R ecientemente, visité una construcción enigmática en la Ciudad de México, o al menos así suele presentarse en la opinión pública. Se trata de una casa construida en 1948 por el arquitecto que la habitó y que hoy lleva su nombre: Luis Barragán. Llevo diez años viviendo en la Ciudad de México y, en todo ese tiempo, no se me había ocurrido visitarla. No puedo culpar a la falta de tiempo ni al desinterés por la arquitectura. A mí lo que me pasa es que creo que podemos entender la arquitectura de una ciudad habitándola: recorriendo sus calles, visitando sus catedrales y museos. Nunca había pensado en explorar casas más allá de aquellas a las que soy invitada por cuestiones del azar.
La Casa Luis Barragán es, sin duda, un monumento a la naturaleza, a lo natural. Hago énfasis en esta palabra porque me encuentro leyendo Pensamiento monógamo, terror poliamoroso de Brigitte Vasallo, un libro que me deja sin palabras y que necesitamos traer a discusión. En él se cuestiona el uso de la noción de “lo natural”: ¿dónde lo situamos y para qué?, pregunta Vasallo.
La naturalidad a la que hago referencia tiene que ver con un despliegue de la identidad del arquitecto. Barragán era un mago al crear espacios que responden a la armonía. En la casa todo se trata de continuidad: un tránsito que viene desde el exterior, entra sin interrupción y permite salir de ella sin fricción. Es ahí donde se hace presente lo natural.

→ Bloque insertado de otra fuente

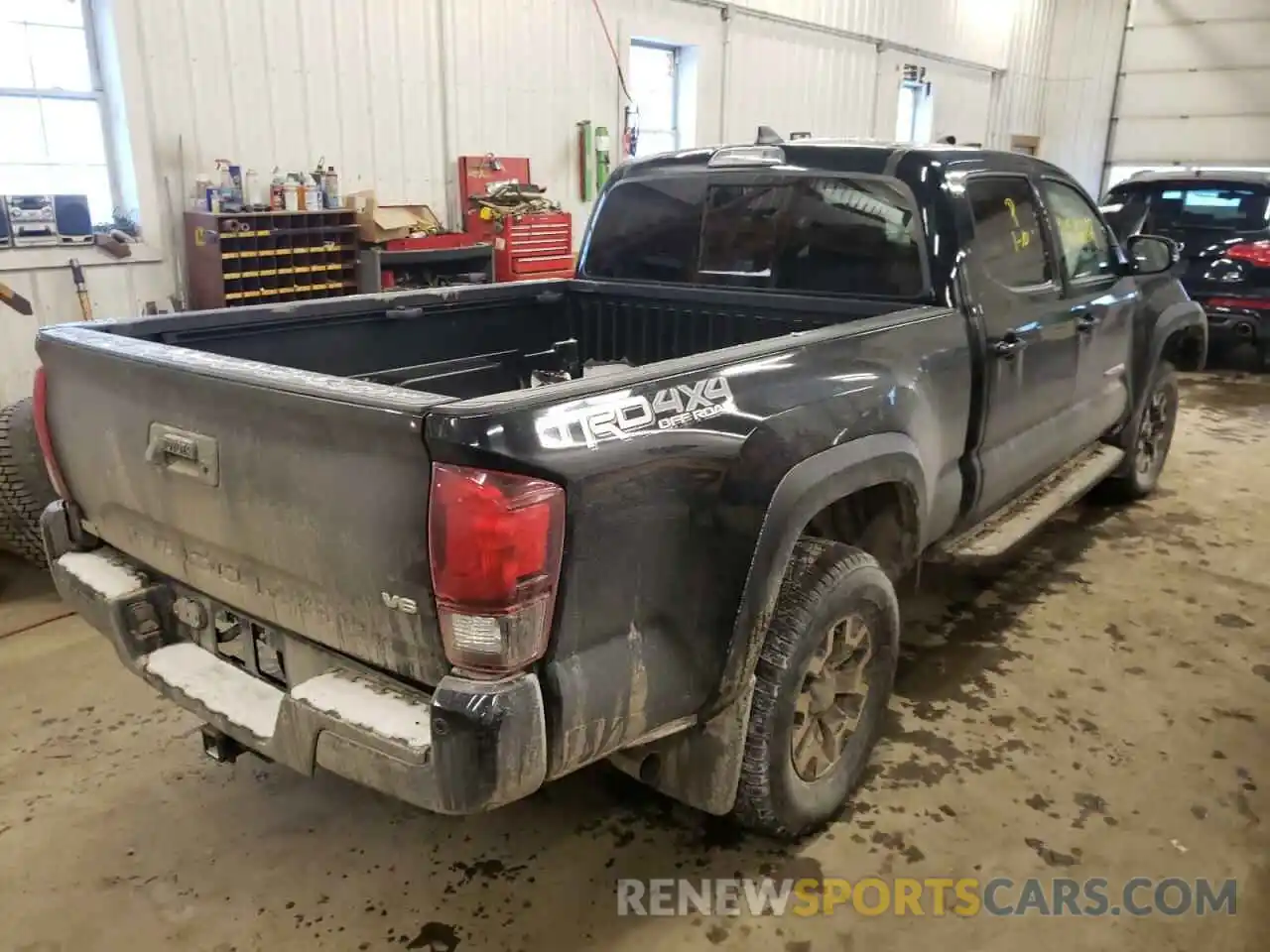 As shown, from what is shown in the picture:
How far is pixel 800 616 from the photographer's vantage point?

Un mago hace trucos con sutileza. En la Casa Luis Barragán los únicos focos visibles están contenidos en lámparas posicionadas en zonas estratégicas, pensadas para que la luz rebote de una pared a otra. Una pared rosa, iluminada por una lámpara, proyecta su color sobre una pared blanca y todo queda anaranjado. Se crea así una atmósfera de calidez: el refugio hogareño que Barragán añoraba en las tardes sin luz. Este truco aparece desde el primer pasillo que se alza en la entrada.
Por otro lado, hay un juego de ingeniosidad que funciona como lenguaje simbólico: la jerarquía de las puertas. El tamaño define la importancia de la estancia. La puerta más grande conduce a la estancia principal, la sala que se une con la biblioteca y el espacio de trabajo; la más pequeña, en cambio, corresponde a un armario. El piso de la sala principal es de madera, mientras que el pasillo que conduce primero a
una pequeña estancia/oficina y después a la biblioteca/taller está cubierto de alfombra.
Durante el recorrido se habló de espacios públicos y espacios privados. En mis reflexiones caí en cuenta de que esta distinción resulta novedosa para mí, que vivo en departamentos donde la privacidad es compartida: tanto la del vecino del piso de arriba como la que se negocia al interior del hogar cuando se vive con roomies
Pienso que la novedad también se encuentra en el desuso o en el cambio de las costumbres. Eso se hizo evidente cuando subimos por el pasillo de la entrada que conduce al segundo piso. Tras dos giros a la izquierda se encuentra la habitación para huéspedes, que no parecía una recámara como tal. Tenía sillones y un tocadiscos, aunque casi cada estancia cuenta con uno, ya que Barragán era aficionado a la música. Ahí nos dijeron que dormía la mujer que por muchos años fue su prometida, Adriana Williams. Pensé en la cercanía que debieron tener y en cómo, aun así, no durmieron juntos, siguiendo las costumbres de la época, donde la privacidad estaba estrechamente ligada a la moralidad del individuo. Me dio risa pensar en cuántas amigas han dormido en mi habitación. Incluso he hospedado a amigas de mis roomies sin conocerlas y nunca pensé que mi privacidad estuviera en riesgo. Tener un cuarto propio es un lujo que aprendí a dimensionar creciendo entre tantas hermanas.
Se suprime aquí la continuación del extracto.